VAT: Land and property quiz – Answers

By   1 August 2019

The “fun” quiz.

The important thing to consider is what the purchaser does, or intends to do, with the land once purchased. This will dictate the input tax recovery position. So, can the input tax be recovered? Answers to quiz questions in the 26 July 2019 post below

Answers 

On the purchased land the person constructs:

  1. a dwelling and supplies the house on a 25-year lease

Yes

The lease is 21 years or over, so it is zero rated. However, a lease under 21 years would be an exempt so no recovery. For more details

  1. an office and uses it for his own business supplying FS to a client in China

Yes

However, if the FS supply had been to the UK or another EU Member State, the supply would be exempt so no input tax recovery. This may change in the event of a No-Deal Brexit.

  1. a storage facility and a fully taxable company leases it to another company in the same partly exempt VAT group after opting to tax

No

Unlikely to be full input tax recovery as the VAT group is itself partly exempt. The Capital Goods Scheme (CGS) may apply.

  1. a block of ten flats with a gym and swimming pool which tenants are entitled to use. Grants 99 years leases on all flats

Yes

The supply is zero rated, notwithstanding there are additional (to usual residential dwellings) facilities.

  1. a dwelling but uses it for short term holiday lets of no more than a fortnight.

Yes

Holiday lets are standard rated, so the business would be taxable. The purchaser would need to VAT register, however.

  1. a warehouse which is sold on completion but without an option to tax being made before the sale

Yes

A ‘new” commercial building (one under three years old) is mandatorily standard rated, so no option to tax is required.

  1. the land is held with the intention of constructing dwellings at some time in the future, which could be over six years

Yes

As long as the intention remains, and can be evidenced, the input tax may be attributed to the future taxable, zero rated, supply.

  1. a factory which is not subjected to an option to tax but is leased to an US company

 No

The place of supply (POS) is the UK as this is where the immovable property is located, regardless of the status of the client. Consequently, this is an exempt supply with no right to input tax recovery.

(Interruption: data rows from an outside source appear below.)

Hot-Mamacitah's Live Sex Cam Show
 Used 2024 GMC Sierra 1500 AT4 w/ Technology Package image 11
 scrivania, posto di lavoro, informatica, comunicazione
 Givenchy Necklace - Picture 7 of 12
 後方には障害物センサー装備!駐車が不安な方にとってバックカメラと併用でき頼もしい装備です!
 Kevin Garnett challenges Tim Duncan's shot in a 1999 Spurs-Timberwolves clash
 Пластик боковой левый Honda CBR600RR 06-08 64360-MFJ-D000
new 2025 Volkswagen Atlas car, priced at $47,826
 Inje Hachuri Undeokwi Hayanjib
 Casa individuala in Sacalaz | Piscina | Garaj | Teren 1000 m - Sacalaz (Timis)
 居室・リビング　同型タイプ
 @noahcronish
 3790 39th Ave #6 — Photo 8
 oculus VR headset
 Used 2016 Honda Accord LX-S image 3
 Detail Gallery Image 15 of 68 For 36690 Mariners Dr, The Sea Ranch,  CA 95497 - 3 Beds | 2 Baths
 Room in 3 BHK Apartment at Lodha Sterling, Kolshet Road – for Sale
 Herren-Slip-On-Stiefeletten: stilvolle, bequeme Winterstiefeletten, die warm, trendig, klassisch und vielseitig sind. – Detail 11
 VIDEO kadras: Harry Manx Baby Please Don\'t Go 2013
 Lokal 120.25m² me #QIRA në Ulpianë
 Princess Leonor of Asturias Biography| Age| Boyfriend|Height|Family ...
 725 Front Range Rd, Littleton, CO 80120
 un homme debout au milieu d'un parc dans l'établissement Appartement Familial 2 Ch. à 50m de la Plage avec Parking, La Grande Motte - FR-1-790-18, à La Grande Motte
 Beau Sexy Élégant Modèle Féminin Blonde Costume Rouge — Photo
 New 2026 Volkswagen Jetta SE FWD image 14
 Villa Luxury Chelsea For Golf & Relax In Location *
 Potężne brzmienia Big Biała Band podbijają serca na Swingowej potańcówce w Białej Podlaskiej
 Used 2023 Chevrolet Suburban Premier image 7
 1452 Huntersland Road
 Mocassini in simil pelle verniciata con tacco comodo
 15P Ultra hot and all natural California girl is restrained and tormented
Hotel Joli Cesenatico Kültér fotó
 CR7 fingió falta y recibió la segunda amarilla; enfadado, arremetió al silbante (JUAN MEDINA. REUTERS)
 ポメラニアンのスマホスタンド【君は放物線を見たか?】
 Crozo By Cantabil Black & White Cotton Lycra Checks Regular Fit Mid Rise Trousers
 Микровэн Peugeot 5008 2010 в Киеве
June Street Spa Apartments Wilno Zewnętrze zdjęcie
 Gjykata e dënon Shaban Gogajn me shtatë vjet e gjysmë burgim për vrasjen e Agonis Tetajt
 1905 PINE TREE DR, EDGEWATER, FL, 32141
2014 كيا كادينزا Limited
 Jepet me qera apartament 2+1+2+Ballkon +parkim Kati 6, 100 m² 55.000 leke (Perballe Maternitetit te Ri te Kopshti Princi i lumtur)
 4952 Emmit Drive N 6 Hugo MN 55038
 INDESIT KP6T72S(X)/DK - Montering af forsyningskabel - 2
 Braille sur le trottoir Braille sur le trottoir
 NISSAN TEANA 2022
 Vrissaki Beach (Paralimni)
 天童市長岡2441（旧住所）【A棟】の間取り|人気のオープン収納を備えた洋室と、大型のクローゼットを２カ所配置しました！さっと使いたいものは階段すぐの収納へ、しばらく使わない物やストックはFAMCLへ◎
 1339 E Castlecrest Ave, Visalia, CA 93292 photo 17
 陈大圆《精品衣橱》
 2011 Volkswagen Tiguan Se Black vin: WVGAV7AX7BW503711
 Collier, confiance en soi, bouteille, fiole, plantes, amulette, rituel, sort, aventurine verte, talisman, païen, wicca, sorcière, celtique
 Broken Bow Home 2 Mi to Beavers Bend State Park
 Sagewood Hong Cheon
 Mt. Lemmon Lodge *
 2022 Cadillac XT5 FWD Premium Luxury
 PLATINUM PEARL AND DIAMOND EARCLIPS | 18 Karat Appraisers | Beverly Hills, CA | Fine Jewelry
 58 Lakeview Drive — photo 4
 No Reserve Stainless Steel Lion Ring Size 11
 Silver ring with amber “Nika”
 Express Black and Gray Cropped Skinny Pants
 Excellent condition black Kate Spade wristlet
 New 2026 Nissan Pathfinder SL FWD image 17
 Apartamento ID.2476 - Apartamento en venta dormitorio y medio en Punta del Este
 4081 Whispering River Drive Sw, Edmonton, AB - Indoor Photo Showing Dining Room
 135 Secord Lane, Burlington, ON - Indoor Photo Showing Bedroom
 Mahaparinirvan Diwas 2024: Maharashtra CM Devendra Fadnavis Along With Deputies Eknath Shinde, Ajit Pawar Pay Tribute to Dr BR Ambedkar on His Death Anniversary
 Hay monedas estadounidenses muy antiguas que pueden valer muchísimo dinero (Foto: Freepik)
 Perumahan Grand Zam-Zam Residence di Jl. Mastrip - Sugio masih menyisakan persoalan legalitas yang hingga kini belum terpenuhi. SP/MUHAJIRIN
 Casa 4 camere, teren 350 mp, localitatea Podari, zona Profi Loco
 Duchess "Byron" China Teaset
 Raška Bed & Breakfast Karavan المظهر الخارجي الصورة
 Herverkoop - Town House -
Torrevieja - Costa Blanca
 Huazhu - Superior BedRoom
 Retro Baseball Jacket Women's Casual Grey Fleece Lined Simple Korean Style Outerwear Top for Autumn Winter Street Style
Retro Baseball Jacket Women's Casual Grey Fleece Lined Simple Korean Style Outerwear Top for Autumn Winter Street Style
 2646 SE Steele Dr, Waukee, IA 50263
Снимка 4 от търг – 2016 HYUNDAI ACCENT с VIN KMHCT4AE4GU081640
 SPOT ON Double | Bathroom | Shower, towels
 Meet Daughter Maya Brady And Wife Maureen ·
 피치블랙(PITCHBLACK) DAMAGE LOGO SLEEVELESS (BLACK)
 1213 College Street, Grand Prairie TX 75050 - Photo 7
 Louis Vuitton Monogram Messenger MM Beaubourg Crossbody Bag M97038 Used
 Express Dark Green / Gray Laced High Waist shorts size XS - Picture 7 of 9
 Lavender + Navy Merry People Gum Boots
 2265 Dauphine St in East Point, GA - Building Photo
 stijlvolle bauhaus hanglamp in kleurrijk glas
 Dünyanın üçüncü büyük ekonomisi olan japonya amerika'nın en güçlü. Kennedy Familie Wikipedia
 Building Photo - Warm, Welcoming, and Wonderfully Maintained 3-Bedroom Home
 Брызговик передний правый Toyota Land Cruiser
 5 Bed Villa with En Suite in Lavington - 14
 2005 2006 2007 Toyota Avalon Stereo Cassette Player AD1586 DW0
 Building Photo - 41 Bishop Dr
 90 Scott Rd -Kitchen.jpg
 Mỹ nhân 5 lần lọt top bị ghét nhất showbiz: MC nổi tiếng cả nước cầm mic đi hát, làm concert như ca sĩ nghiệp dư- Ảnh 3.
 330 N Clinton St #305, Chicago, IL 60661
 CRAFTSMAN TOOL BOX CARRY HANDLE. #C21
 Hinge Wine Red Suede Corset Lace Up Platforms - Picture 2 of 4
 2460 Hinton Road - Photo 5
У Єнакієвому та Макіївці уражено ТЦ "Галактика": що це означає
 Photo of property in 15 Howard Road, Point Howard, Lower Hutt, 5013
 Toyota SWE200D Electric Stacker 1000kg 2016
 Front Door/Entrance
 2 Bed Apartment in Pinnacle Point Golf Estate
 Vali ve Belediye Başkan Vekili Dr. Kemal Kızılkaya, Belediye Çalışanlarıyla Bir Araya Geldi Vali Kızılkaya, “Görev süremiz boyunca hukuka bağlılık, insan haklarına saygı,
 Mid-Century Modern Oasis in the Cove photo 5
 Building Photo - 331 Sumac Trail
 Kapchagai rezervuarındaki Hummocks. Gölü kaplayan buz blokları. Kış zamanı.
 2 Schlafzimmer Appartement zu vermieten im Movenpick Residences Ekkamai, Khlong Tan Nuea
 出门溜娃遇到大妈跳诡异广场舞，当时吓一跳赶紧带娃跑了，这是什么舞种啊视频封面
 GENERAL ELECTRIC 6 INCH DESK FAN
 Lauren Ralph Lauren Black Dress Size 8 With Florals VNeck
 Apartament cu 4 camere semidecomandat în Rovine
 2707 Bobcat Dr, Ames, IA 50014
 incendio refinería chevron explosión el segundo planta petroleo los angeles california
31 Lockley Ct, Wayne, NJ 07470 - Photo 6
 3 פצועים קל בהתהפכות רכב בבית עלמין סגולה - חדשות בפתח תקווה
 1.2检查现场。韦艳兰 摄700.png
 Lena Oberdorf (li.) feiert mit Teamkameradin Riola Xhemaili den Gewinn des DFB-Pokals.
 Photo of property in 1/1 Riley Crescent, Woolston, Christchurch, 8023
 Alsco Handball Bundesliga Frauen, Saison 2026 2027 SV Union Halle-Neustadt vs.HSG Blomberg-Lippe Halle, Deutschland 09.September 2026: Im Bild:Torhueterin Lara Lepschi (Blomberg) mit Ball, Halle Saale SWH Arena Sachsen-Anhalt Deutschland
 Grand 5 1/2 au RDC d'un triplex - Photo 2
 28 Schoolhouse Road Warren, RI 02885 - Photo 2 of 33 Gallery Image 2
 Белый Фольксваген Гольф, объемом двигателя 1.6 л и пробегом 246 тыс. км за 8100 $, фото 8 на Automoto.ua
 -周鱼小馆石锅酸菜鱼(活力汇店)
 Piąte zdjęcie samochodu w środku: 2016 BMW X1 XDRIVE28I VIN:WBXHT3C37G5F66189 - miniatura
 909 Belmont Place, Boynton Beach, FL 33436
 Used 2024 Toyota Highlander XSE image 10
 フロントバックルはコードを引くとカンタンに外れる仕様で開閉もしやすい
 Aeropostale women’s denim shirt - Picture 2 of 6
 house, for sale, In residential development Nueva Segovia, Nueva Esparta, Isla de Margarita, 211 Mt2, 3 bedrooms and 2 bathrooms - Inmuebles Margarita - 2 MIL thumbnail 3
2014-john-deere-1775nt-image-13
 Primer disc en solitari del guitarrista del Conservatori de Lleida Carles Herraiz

  1. a block of three flats which are rented for six months before freehold sale

No, or maybe, or yes

The initial supply is exempt, so the input tax is, preliminarily, attributed to the short term lets. However, a simplified form of the partial exemption de minimis limits may be used and, depending on the scale of the development, it is possible that some, or all, of the input tax may be recovered despite the initial exempt supplies.

  1. a sport hall by a school Academy which is leased to sporting charities and also used for its own educational purposes. No option to tax

No

It would be unlikely that an Academy would be able to recover all the input tax. Because it would make (exempt) business supplies, this would fall outside the VAT Act 1994, Section 33 rules, so there would be no input tax recovery in respect of those activities. There would be an apportionment and only the input tax referable to own use would be recoverable as those supplies of education would be non-business. If the Academy opted to tax the facilities (and was VAT registered), the input tax would be recoverable in full. No input tax referable to business use would be possible if the Academy was using VAT126 claims. VAT and Academies

  1. a manufacturing plant which a company rents to a connected (non-VAT grouped) party which makes and sells toys. The option is taken

Yes

As the connected party is fully taxable the anti-avoidance rules do not apply. If the connected party was not able to recover the VAT charged to it (say it made exempt supplies) the anti-avoidance legislation would kick in and the option would be disapplied, meaning that the input tax in the hands of the developer would not be recoverable.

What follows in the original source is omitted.